Il en est de même pour ce qui concerne la nature. Comment un homme pourrait-il changer sa nature? Il peut lui faire subir une succession d’opérations; il peut essayer de la dompter, de la soumettre à une discipline; avec tout cela, ce sera toujours la nature: «Ce qui est né de la chair, est chair». (Jean 3:6). Il faut à l’homme une nouvelle nature aussi bien qu’une nouvelle condition. Mais comment l’acquérir? En croyant «le témoignage que Dieu a rendu de son Fils». «À tous ceux qui l’ont reçu, il leur a donné le droit d’être enfants de Dieu, savoir à ceux qui croient en son nom, lesquels sont nés, non pas de sang, ni de la volonté de la chair, ni de la volonté de l’homme, mais de Dieu». (Jean 1:12, 13). Nous apprenons ici que ceux qui croient au nom du Fils unique de Dieu, ont le droit ou le privilège d’être enfants de Dieu; ils sont rendus participants d’une nouvelle nature; ils ont la vie éternelle. «Qui croit au Fils a la vie éternelle». (Jean 3:36). «En vérité, en vérité, je vous dis, que celui qui entend ma parole et qui croit Celui qui m’a envoyé a la vie éternelle, et ne vient pas en jugement, mais il est passé de la mort à la vie». (Jean 5:24). «Et c’est ici la vie éternelle, qu’ils te connaissent seul vrai Dieu, et celui que tu as envoyé, Jésus Christ». (Jean 17:3). «Et c’est ici le témoignage: que Dieu nous a donné la vie éternelle, et cette vie est dans son Fils: Celui qui a le Fils a la vie». (1 Jean 5:11, 12).

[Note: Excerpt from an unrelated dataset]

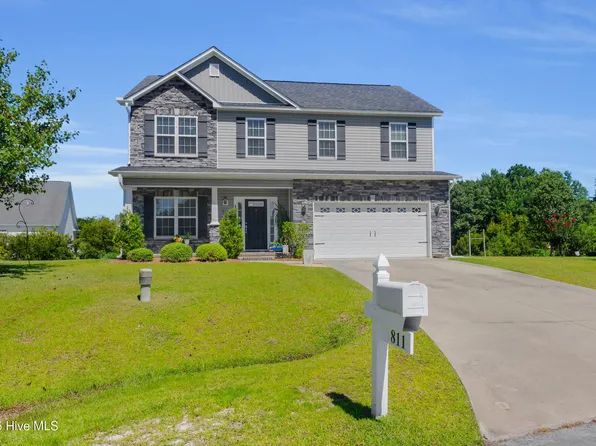 811 Sea Chaser Court, Beaufort, NC 28516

Telle est la doctrine de l’Écriture pour ce qui concerne les importantes questions relatives à la condition de la nature. Mais comment et sur quel fondement le croyant est-il introduit dans une condition de justice divine, et rendu participant de la nature divine? Ce grand changement dépend tout entier de cette bienheureuse vérité: que «Jésus mourut et qu’Il est ressuscité» (1 Thess. 4:14). Cet Être béni quitta le trône de la gloire, les demeures de la lumière; il descendit dans ce monde de péché et de misère, en ressemblance de chair de péché et, après avoir parfaitement manifesté et glorifié Dieu dans tous les actes de sa vie ici-bas, il mourut sur la croix, sous le poids de toutes les transgressions de son peuple. Il a ainsi divinement satisfait à tout ce qui était ou pouvait être contre nous. «Il a rendu la loi grande et honorable» (Ésaïe 42:21); puis il fut fait malédiction, étant pendu au bois. Tout droit fut satisfait par Lui, tout ennemi réduit au silence, tout obstacle ôté. «La bonté et la vérité se sont rencontrées; la justice et la paix se sont entre-baisées». (Ps. 85:11). La justice infinie ayant été satisfaite, l’amour infini peut se déverser dans le cœur brisé du pécheur, pour le calmer et le réjouir par sa vertu, en même temps que l’eau et le sang, qui découlèrent du côté percé de Jésus satisfont parfaitement à tous les besoins d’une conscience coupable et convaincue de péché. Le Seigneur Jésus était à notre place sur la croix; il était notre représentant. «Il mourut, le juste pour les injustes». (1 Pierre 3:18). «Il fut fait péché pour nous». (2 Cor. 5:21). Il fut mis au rang des transgresseurs; il fut enseveli et il ressuscita, ayant tout accompli. Ainsi il n’y a plus rien désormais qui soit contre le pécheur: il est uni à Christ et dans la même condition de justice que Christ. «Comme il est, lui, nous sommes, nous aussi, dans ce monde». (1 Jean 4:17).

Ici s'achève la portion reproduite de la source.